In case you didn't hear, some of Facebook's hard drives went kaput, potentially taking down at least some of some users' photo collections temporarily.
According to an update on Facebook's official blog, the site suffered a "rare" simultaneous hard drive failure, affecting 10-15% of uploaded photos.
Here's how they explained it:
"During an otherwise routine software upgrade on Friday night, we ran into some problems with our photo storage and a few of the hard drives where we store photos apparently failed all at once. We're trying to fully understand what happened, since simultaneous hardware failures like this are rare."
As you'd hope, everything is backed up.
But it appears getting things back online wasn't a simple process.

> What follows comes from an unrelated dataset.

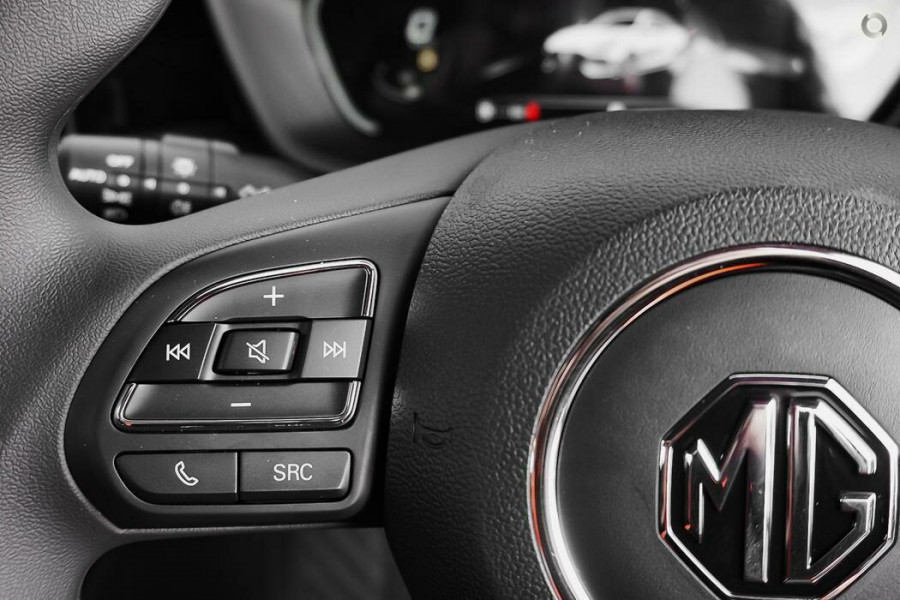 2024 MG MG5 AP32 Vibe Sedan Image 15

"We still have all your photos because we store them in a way that maintains multiple copies of the data in case of hardware failures like this. However, even though your photos are safe, we can't serve photos off the affected storage volumes until they're repaired. We're working on them right now, but it will take some time because there's so much data on them and the repair process largely involves copying huge amounts of data to new drives. This is why some photos aren't showing up right now".
We're not going to criticise Facebook for something like this - hard drive failures happen to the best of us. Still, it makes us wonder whether we're trusting too much important, or in the case of party photos (not so important) information to the Internet "cloud".
As was proven recently when Gmail went down, free Web services can and do crash. Lets hope you have contingencies for when they do.